Get more sauropods in Mark Hallett’s 2018 dinosaur calendar
Mark has a dinosaur calendar out from Pomegranate, and I’m happy to say that sauropods are featured 5 out of 12 months. The calendar has a nice mix of Hallett classics and some newer works, including the cover art from our book, as shown above. Get it direct from Pomegranate or from Amazon.
Vicki’s public talk on forensic anthropology in December
My better half, anthropologist and author Vicki Wedel, is giving a public talk about her work on the evening of Thursday, December 14, at the Western Science Center in Hemet, California. Her title will be, “Bones, ballistics, and blunt force trauma.” I assume the talk will start at 6:00, but check the WSC website for details. The painted skull above is from the natural history museum in Vienna, and it doesn’t have any connection to the talk other than Vicki thought it was rad and I needed a skull to illustrate the post. For more on Vicki and her work, see these posts: cold case, book.
UPDATE: Final details on Vicki’s talk are out. It will start at 6:00, she’ll be signing copies of her book, Broken Bones: Anthropological Analysis of Blunt Force Trauma, and admission is $5.

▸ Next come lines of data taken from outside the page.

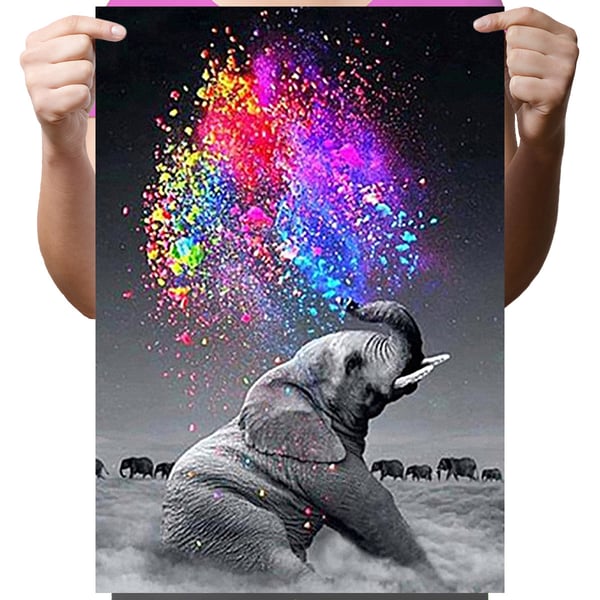 Diamantmålning 30x40 cm djur elefant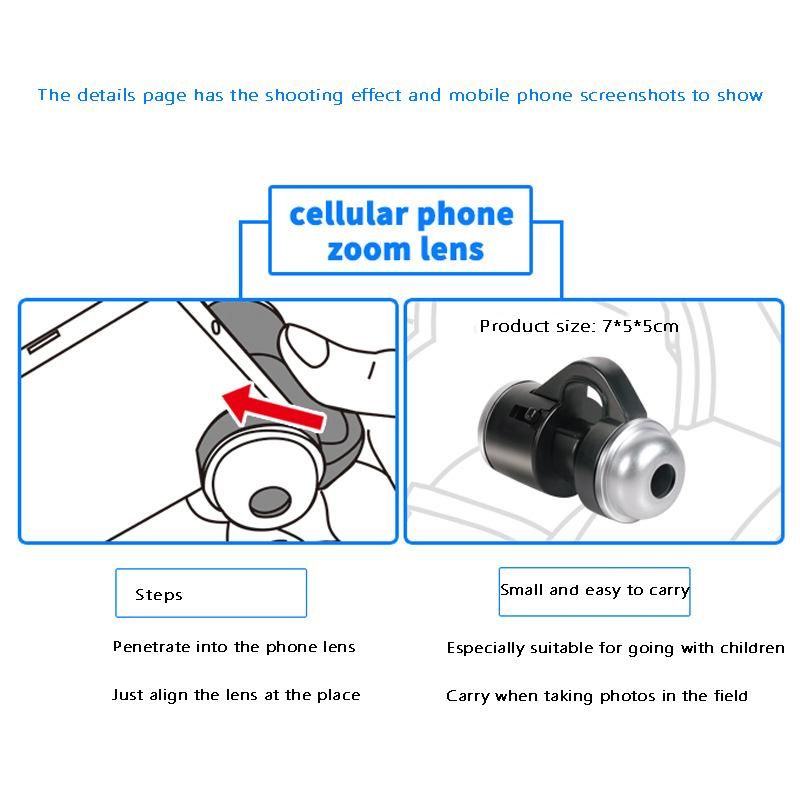 30X Zoom Bright LED Microscope Magnifier Clip-on Cell Phone Mobile Phone Camera Lens for Smartphone PCB Inspection Tool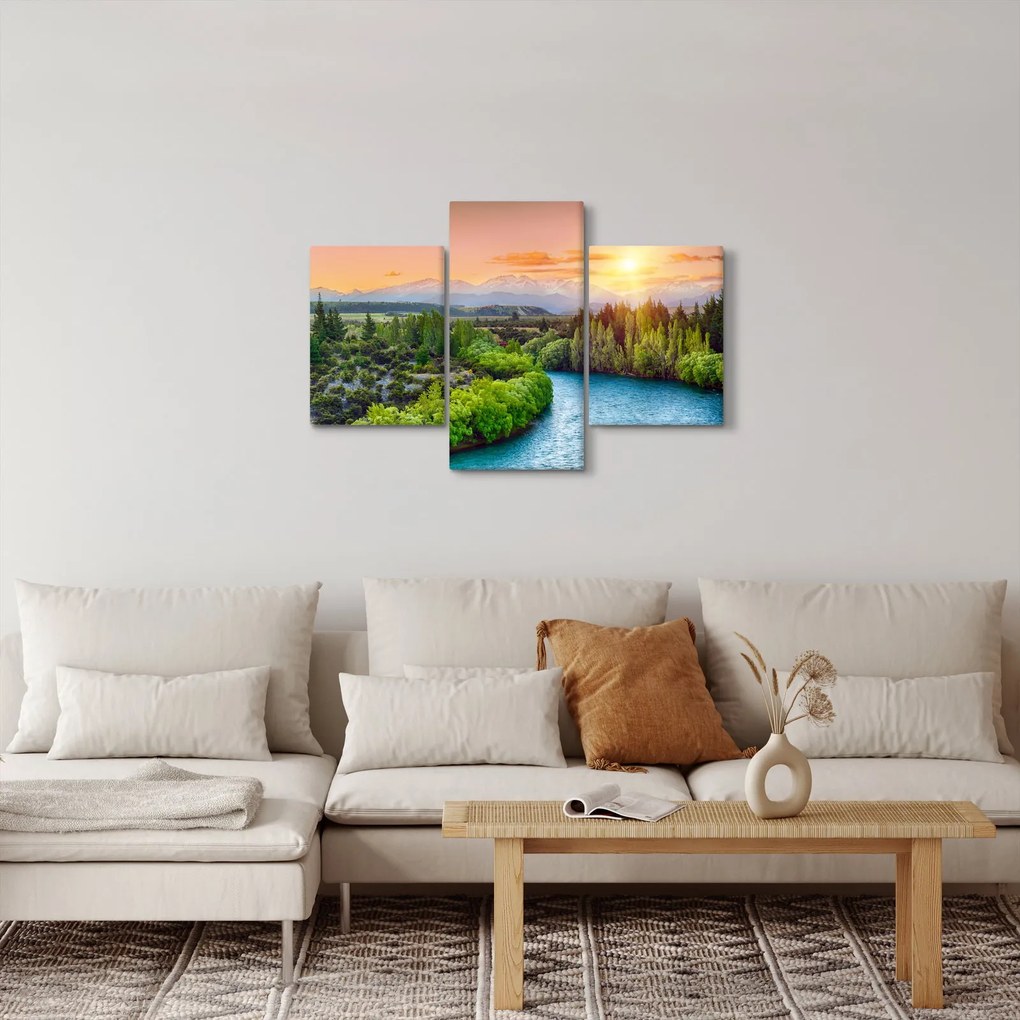 Tablou - Pădure peisaj montan (90x60 cm)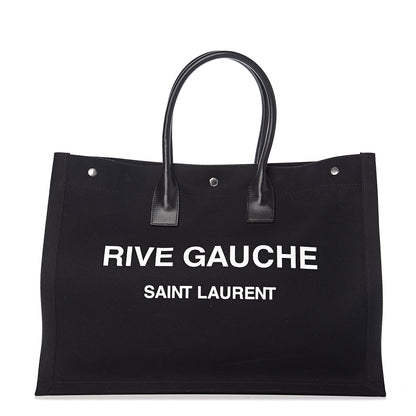 Saint Laurent Linen Calfskin Rive Gauche Tote Black 1 of 8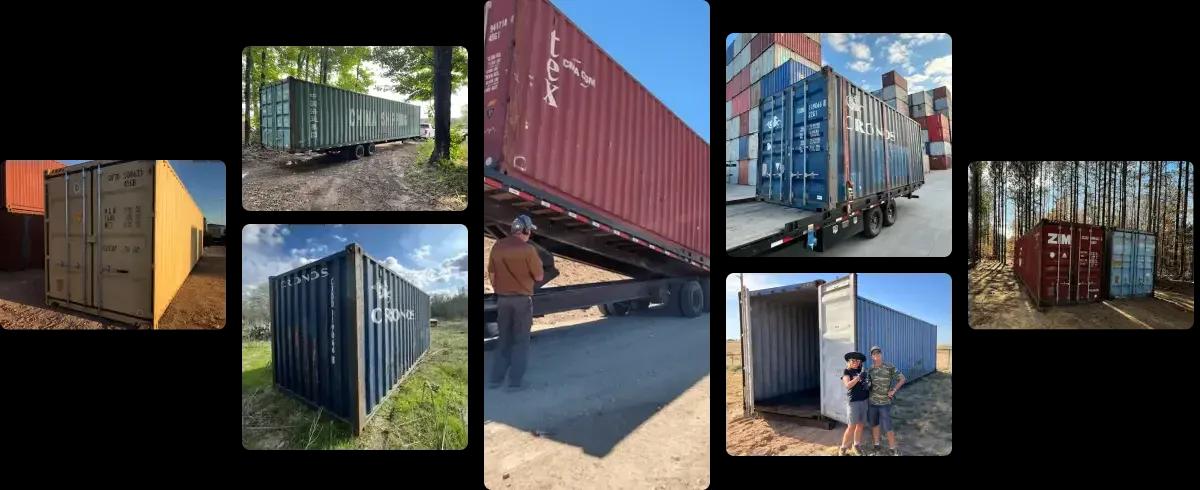 Collage of shipping containers delivered to Boxhub customers across the United States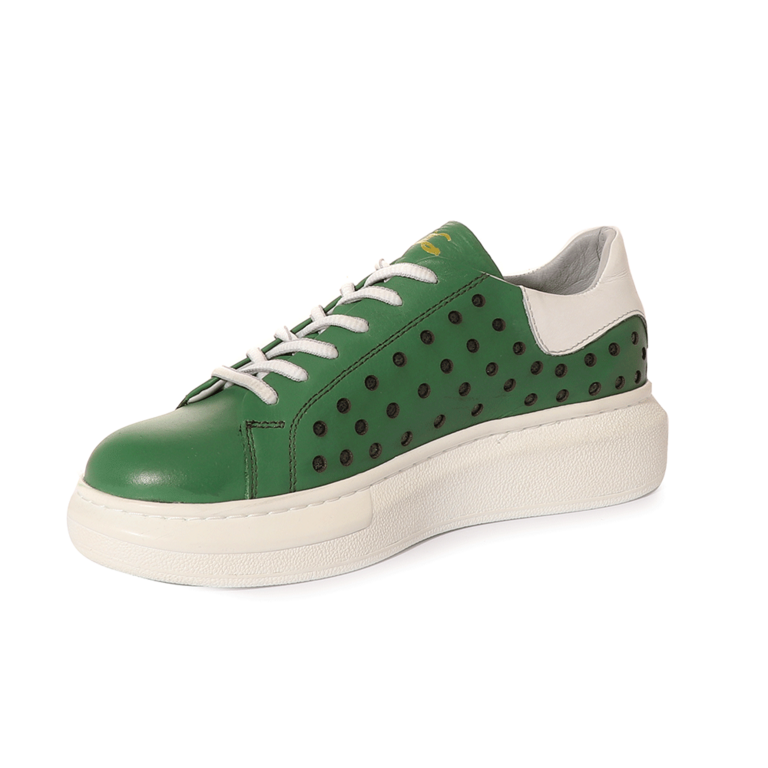 Pantofi sport femei Luca di Gioia verzi din piele cu perforații 2301DPF13805V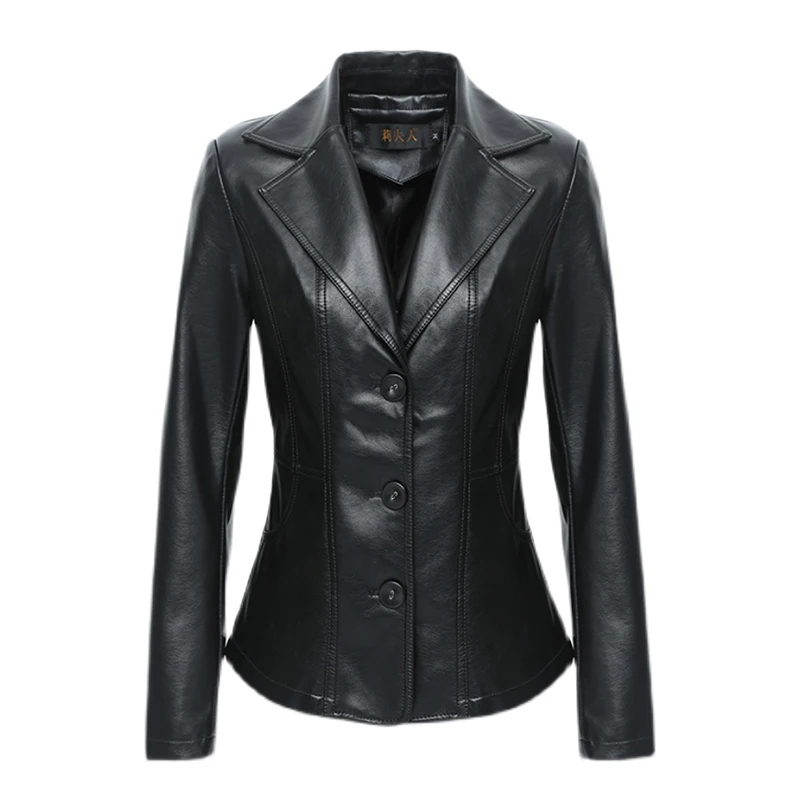 TOP QUALITY New Fashion Designer Leather Jacket Women Classic Single Breasted Slim Sheep Leather Blazer Outerwear Size M-5XL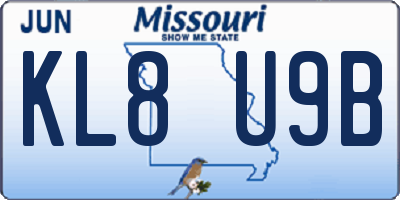MO license plate KL8U9B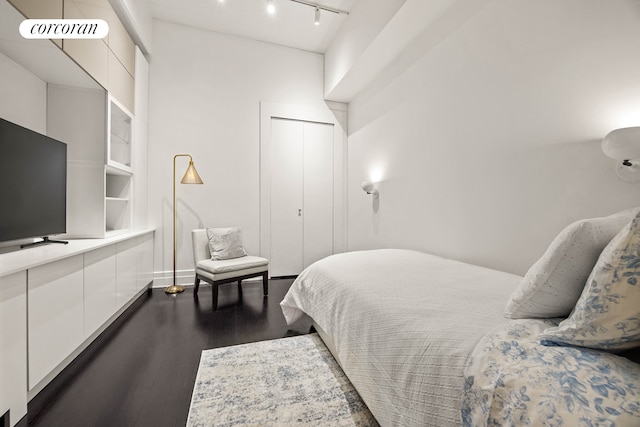 70 Washington St Unit 9G, New York City, NY 11201 - bedroom featuring dark wood finished floors, track lighting, and a closet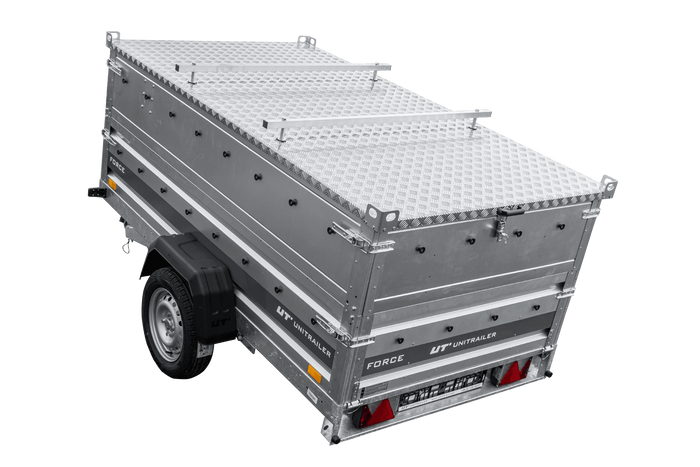 Einachsiger Anhänger auf Blattfedern 230×125 UNITRAILER FORCE 230/R KIPP mit BIS-Seitenwänden und Aluminiumabdeckung-Neu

My public talk on sauropods and whales in January
In January it will be my turn to give a talk at the Western Science Center. I’m on for the evening of Thursday, January 18. Title is not quite finalized but it will probably something along the lines of, “Dinosaurs versus whales: what is the largest animal of all time, and how do we know?” That’s me with the gray whale skeleton at Long Marine Lab in Santa Cruz, back in 2006. I was helping Nick Pyenson measure whales, back when we were both grad students. Ancient blog posts about that here: gray, blue.
See me in Seattle at Norwescon over Easter weekend
If you want to see me star-struck, come to Norwescon, home of the Philip K. Dick Award, next spring, where I’ll be rubbing shoulders with some vastly more famous people. Hugo, Nebula, and World Fantasy Award winner Ken Liu will be the Writer Guest of Honor, legendary SF&F visionary Wayne Douglas Barlowe Hugo- and World Fantasy Award-winning artist Galen Dara will be the Artist Guest of Honor, Green Ronin is the Spotlight Publisher, and, er, I will be the Science Guest of Honor. Yes, I’m alert to both the honor and the incongruity of the thing. When I’m not Freaking. Out. about hanging with two of my favorite creators, I’ll probably be giving talks on dinosaurs and astronomy (my other thing) and participating on some panels and signing books. I’ll try not to disappoint.